Adam Kalai thinks we should start with the bits of code that teach computers how to process language. He's a researcher for Microsoft and his latest project — a joint effort with Boston University — has focused on something called a word embedding.
"It's kind of like a dictionary for a computer," he explains.
Essentially, word embeddings are algorithms that translate the relationships between words into numbers so that a computer can work with them. You can grab a word embedding "dictionary" that someone else has built and plug it into some bigger program that you are writing.
For example, let's say you work for a big tech company and you're trying to hire a new employee. You're getting thousands and thousands of resumes a day. So, being tech savvy, you write a little program that searches through those resumes for the term "computer programmer."
A search program that has a word embedding algorithm plugged into it can bring resumes that contain more of these related words up to the top of the search pile, hopefully helping you to find the most qualified candidates without having to read through every single document.

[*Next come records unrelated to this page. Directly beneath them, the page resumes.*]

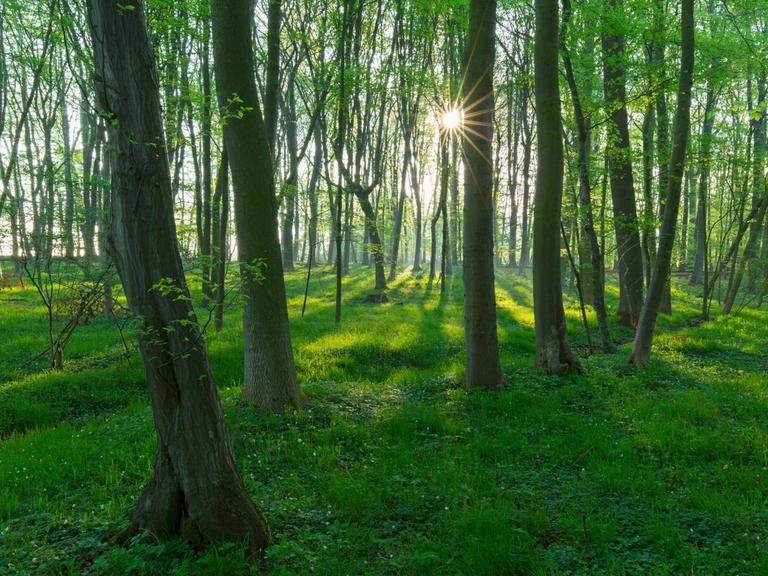 Sonnenstrahlen fallen durch einen frühlingshaften Buchenwald.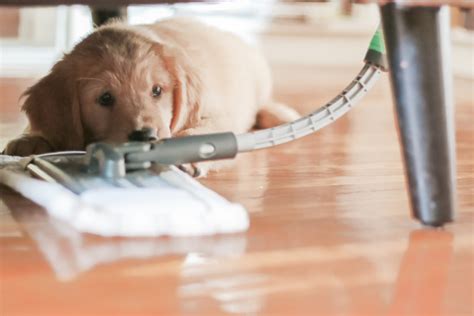 Pet Cleaning Hacks The Best Way To Clean Hardwood Floors With Pets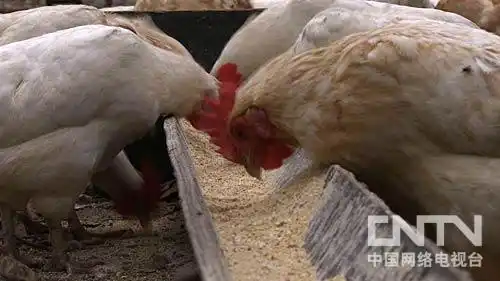 致富盆栽水果树图片_水果树盆栽致富经_致富盆栽水果树有哪些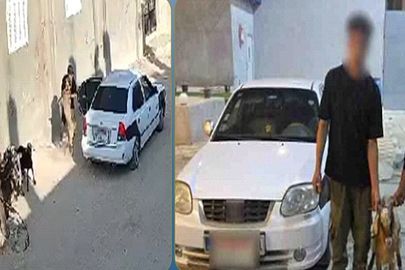 المتهمين بسرقة أغنام بالعريش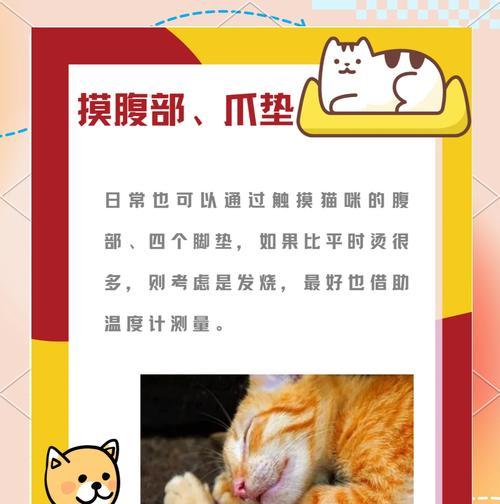 用猫量体温能持续多久？（猫咪体温计量时间和关键因素分析）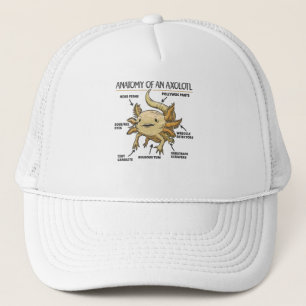 Axolotl Explanation Anatomy Of An Axolotl Trucker Hat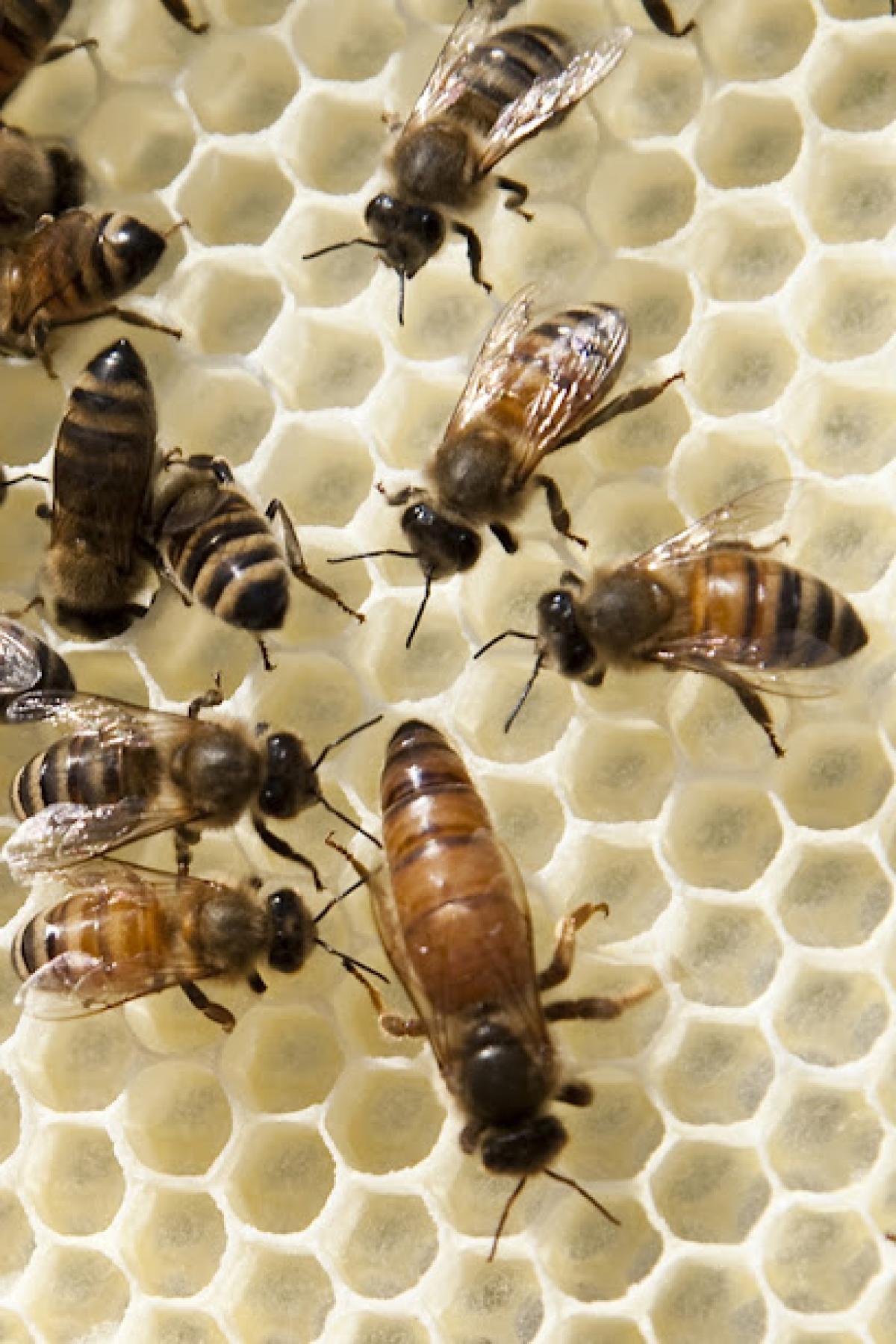 Crystal Wings Beekeepers Supply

Word embeddings do similar work in computer programs that we interact with every day — programs that target ads at us, decide what we see on social media, or work to improve Internet search results. They've even been used to classify NPR interviews.

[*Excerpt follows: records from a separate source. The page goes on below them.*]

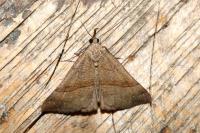 Hypena proboscidalis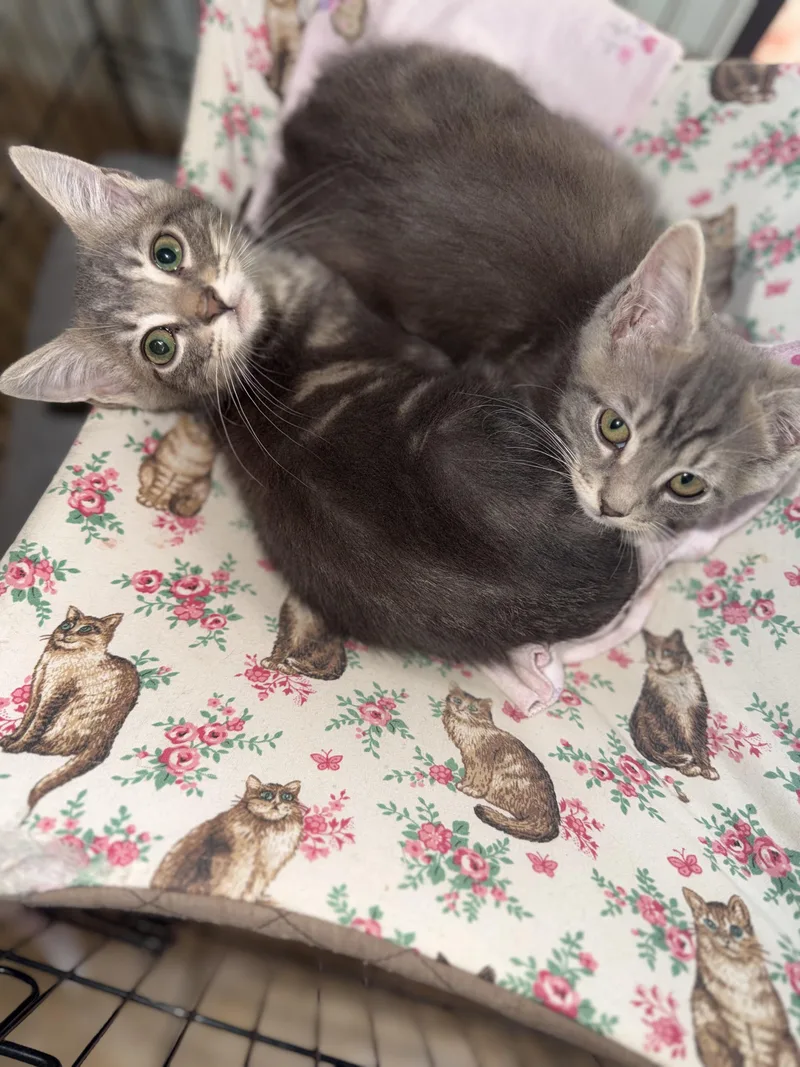 A baby medium-sized male Tabby (Gray / Blue / Silver) Tabby cat named Pickles for adoption in Gainesville, FL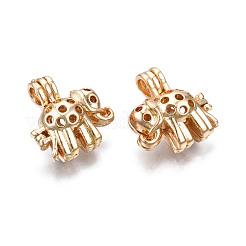 Rack Plating Alloy Locket Pendants&nbsp;PALLOY-N158-012G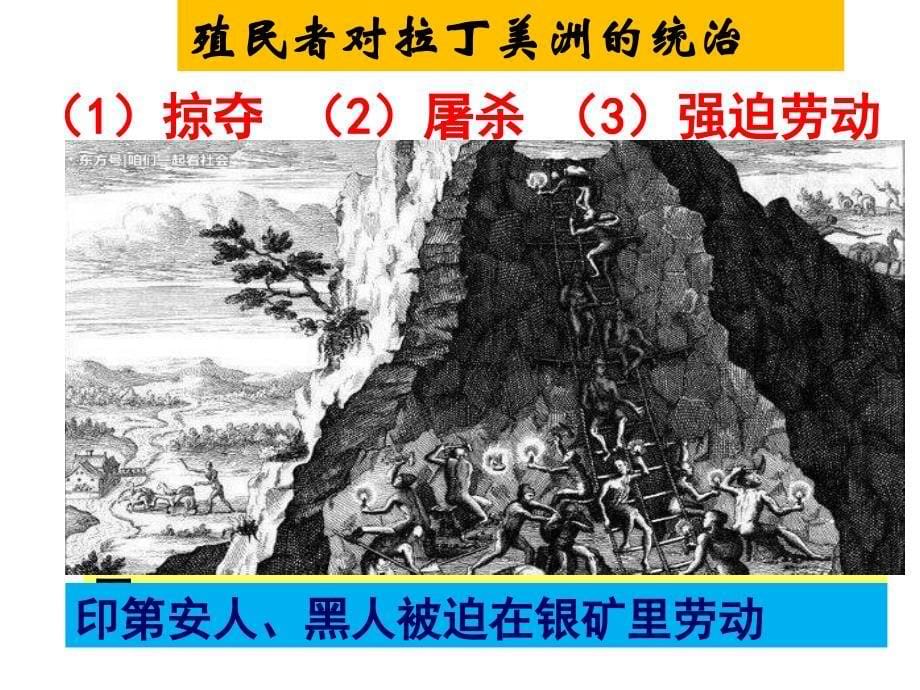 第一课 殖民地人民的反抗斗争_第5页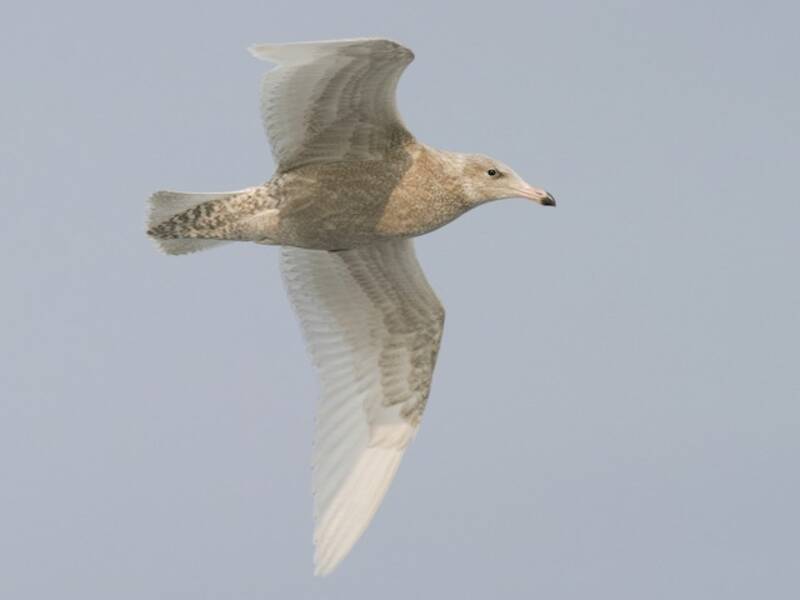 Gaviota Hiperbórea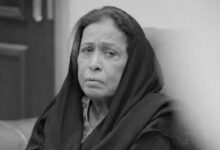 vis 0421202610560671 1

But here's the problem: These word embeddings learn the relationships between words by studying human writing — like the hundreds of thousands of articles on Wikipedia or Google News.
"We try, especially in news articles, to avoid saying sexist things," Kalai says. Nevertheless, he says, "you find, within these word embeddings, some pretty blatantly sexist properties."
Kalai and his colleagues discovered the problem by using word embeddings to solve analogies.
They gave the word embedding one pair of words, like "he" is to "she," and asked it to provide a pair that it sees as having a similar relationship, completing the analogy.
Some pairings were relatively inoffensive cultural stereotypes: "She" is to "he" as "pink" is to "blue." Others were mildly amusing, or even confusing. "She" is to "he" as "OMG" is to "WTF," or as "pregnancy" is to "kidney stone."
And then, there were more problematic pairings, like when the word embedding algorithm suggested that "he" is to "she" as "brilliant" is to "lovely."
Or as "computer programmer" is to "homemaker."
That last one is especially problematic. Let's go back to our example of how a big tech company might filter through prospective employees.
If the algorithm reads maleness as more connected to the profession of computer programming, it will bump male resumes to the top of the pile when it searches for "computer programmer."
The resumes of female candidates will wind up at the bottom of the pile. So would applications from black candidates, because the algorithm also picks up racial biases from articles.
That's a problem just on its face, but it's even more of an issue when you consider that one of the other big reasons why computer programs wind up being inadvertently biased is because there's such limited diversity among computer programmers themselves.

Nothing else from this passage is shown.